The Attempt at a Solution

the function is obviously continuous in R2 since made of continuous functions.

has directional derivatives everywhere since made of functions that has directional derivatives everywhere.

differentiable everywhere exept for (x,0) and here is my biggest doubt: how do i demonstrate that it isn't differentiable there? if i think about it on a logical level, i know these are point where the function isn't smooth, but how do i demonstrate it?

in (+-1,0) its differentiable because for h=x+-1,k=1:
lim(h,k)->(0,0) arctan(abs(k)*(k+h^2+-2h))/(sqrt(h^2+k^2)) goes obviously to 0.

 

[Ray Vickson]

Homework Statement

study the continuity, directional derivatives, and differentiability of the function f(x,y)=arctan(abs(y)*(y+x^2-1).

The Attempt at a Solution

the function is obviously continuous in R2 since made of continuous functions.

has directional derivatives everywhere since made of functions that has directional derivatives everywhere.

differentiable everywhere exept for (x,0) and here is my biggest doubt: how do i demonstrate that it isn't differentiable there? if i think about it on a logical level, i know these are point where the function isn't smooth, but how do i demonstrate it?

in (+-1,0) its differentiable because for h=x+-1,k=1:
lim(h,k)->(0,0) arctan(abs(k)*(k+h^2+-2h))/(sqrt(h^2+k^2)) goes obviously to 0.

As written your function has unbalanced parentheses, so could represent either
$$ f = \left(\arctan |y| \right)(y+x^2-1) \hspace{4ex}(1) $$
or
$$f = \arctan(|y|(y+x^2-1)) \hspace{4ex}(2)$$
I suspect you mean (2), but (1) is a perfectly credible way of filling in the missing information.

 

[Kenneth1997]

As written your function has unbalanced parentheses, so could represent either
$$ f = \left(\arctan |y| \right)(y+x^2-1) \hspace{4ex}(1) $$
or
$$f = \arctan(|y|(y+x^2-1)) \hspace{4ex}(2)$$
I suspect you mean (2), but (1) is a perfectly credible way of filling in the missing information.

edited,yep i meant the second

 

[Ray Vickson]

Homework Statement

study the continuity, directional derivatives, and differentiability of the function f(x,y)=arctan(abs(y)*(y+x^2-1)).

The Attempt at a Solution

the function is obviously continuous in R2 since made of continuous functions.

has directional derivatives everywhere since made of functions that has directional derivatives everywhere.

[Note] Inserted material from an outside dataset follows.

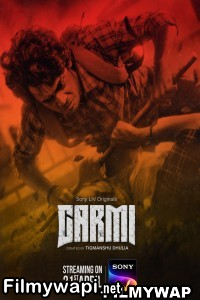 Garmi (2023) Hindi Web Series poster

differentiable everywhere exept for (x,0) and here is my biggest doubt: how do i demonstrate that it isn't differentiable there? if i think about it on a logical level, i know these are point where the function isn't smooth, but how do i demonstrate it?

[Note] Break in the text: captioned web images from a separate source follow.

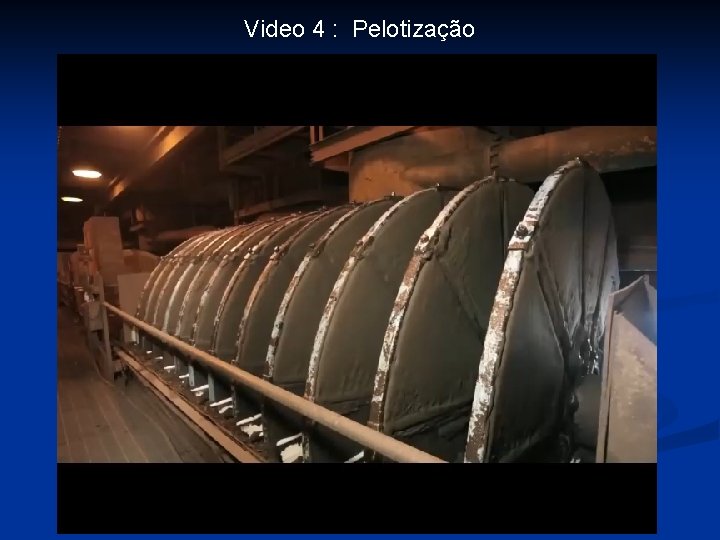 Video 4 : Pelotização 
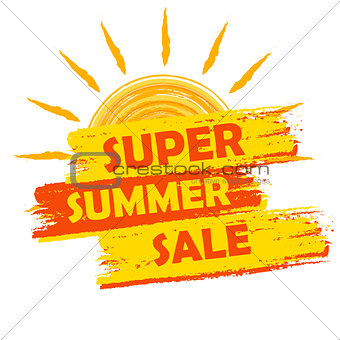 super summer sale with sun sign, yellow and orange drawn label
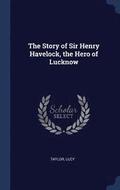 Story of Sir Henry Havelock, the Hero of Lucknow
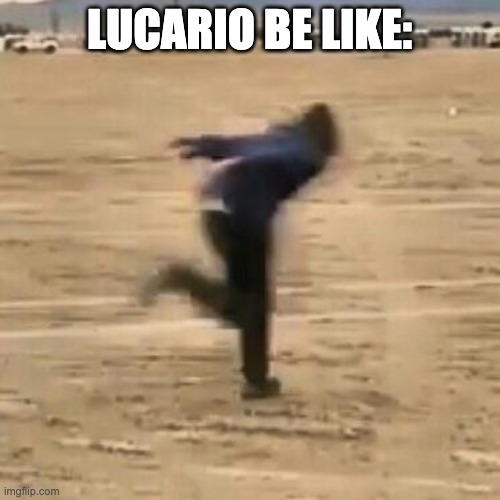 Naruto run | LUCARIO BE LIKE: | image tagged in naruto run | made w/ Imgflip meme maker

in (+-1,0) its differentiable because for h=x+-1,k=1:
lim(h,k)->(0,0) arctan(abs(k)*(k+h^2+-2h))/(sqrt(h^2+k^2)) goes obviously to 0.

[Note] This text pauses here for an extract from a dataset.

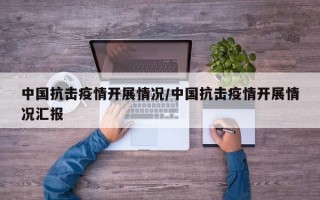 中国抗击疫情开展情况/中国抗击疫情开展情况汇报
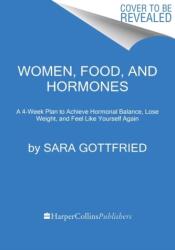 Women, Food, and Hormones (ISBN: 9780063269262)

The "inside" function $g(x,y) + |y| (y+x^2-1)$ can be written as $g(x,y) = y |y| + (x^2-1) |y|.$ The first function--- $y |y|$ --- is differentiable in $y$ (even at $y = 0$) but the second one --- $(x^2-1) |y|$ --- is not differentiable in $y$ at $y = 0, x \neq \pm1.$ So, your function is differentiable at $(1,0)$ and $(-1,0)$ but not at any other $(x,0).$

 

[Kenneth1997]

The "inside" function $g(x,y) + |y| (y+x^2-1)$ can be written as $g(x,y) = y |y| + (x^2-1) |y|.$ The first function--- $y |y|$ --- is differentiable in $y$ (even at $y = 0$) but the second one --- $(x^2-1) |y|$ --- is not differentiable in $y$ at $y = 0, x \neq \pm1.$ So, your function is differentiable at $(1,0)$ and $(-1,0)$ but not at any other $(x,0).$

but how do i demonstrate it?

 

[Ray Vickson]

but how do i demonstrate it?

Helpers are not allowed to show you all the details. I have said as much as I can (maybe even more than I should have) under PF rules.

 

[Kenneth1997]

Helpers are not allowed to show you all the details. I have said as much as I can (maybe even more than I should have) under PF rules.

a better understanding should be the goal not solving homework to high schoolers imo. i already demonstrated what you did so i don't think you are showing more then you should have.